### Exercise material
= = = = = = =
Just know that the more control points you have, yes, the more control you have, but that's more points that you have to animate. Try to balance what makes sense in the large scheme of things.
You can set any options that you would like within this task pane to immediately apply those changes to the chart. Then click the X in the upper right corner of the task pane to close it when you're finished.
= = = = = = =
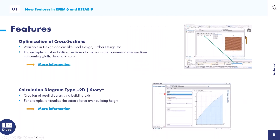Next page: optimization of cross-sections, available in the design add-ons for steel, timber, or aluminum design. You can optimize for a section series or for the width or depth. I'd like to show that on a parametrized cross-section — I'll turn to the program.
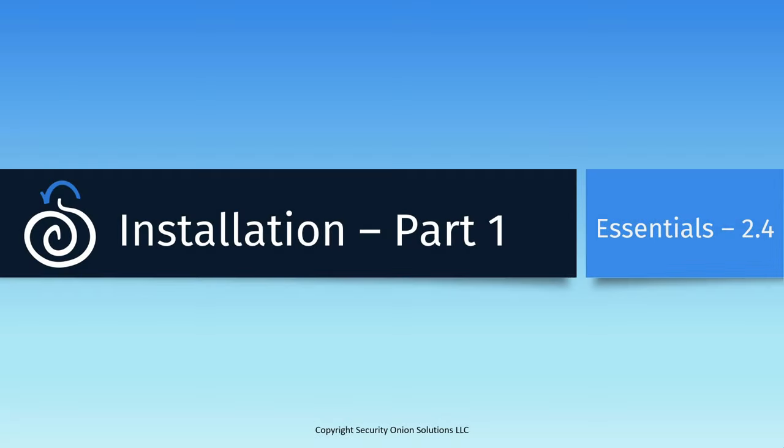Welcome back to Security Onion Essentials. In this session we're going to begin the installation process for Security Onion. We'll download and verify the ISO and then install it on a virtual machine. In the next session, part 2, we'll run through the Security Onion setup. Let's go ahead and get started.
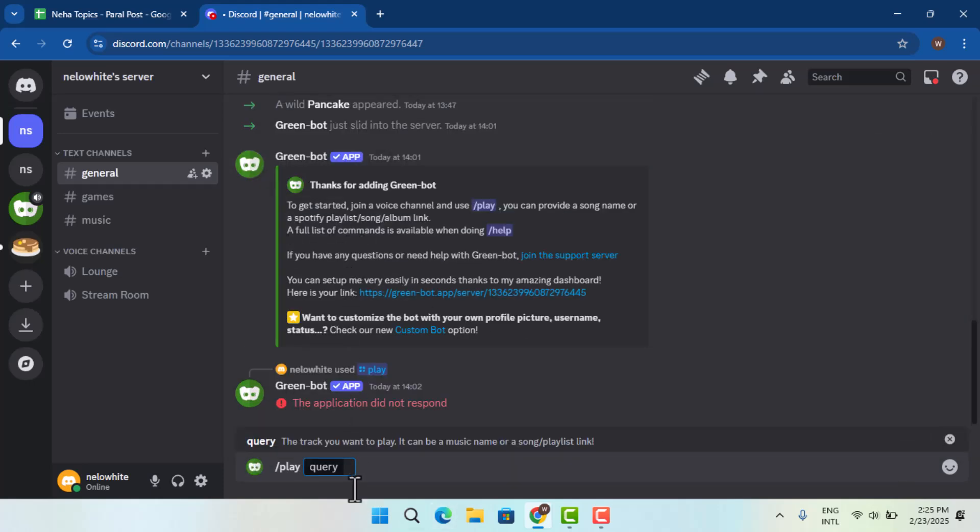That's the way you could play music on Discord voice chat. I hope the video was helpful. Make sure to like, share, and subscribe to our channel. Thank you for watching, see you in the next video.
= = = = = = =
### The task
Using the data above, reproduce exactly the lines between those holding "Just know that" and "You can set", inclusive, and no others.

### Solution to this exercise
Just know that the more control points you have, yes, the more control you have, but that's more points that you have to animate. Try to balance what makes sense in the large scheme of things.
You can set any options that you would like within this task pane to immediately apply those changes to the chart. Then click the X in the upper right corner of the task pane to close it when you're finished.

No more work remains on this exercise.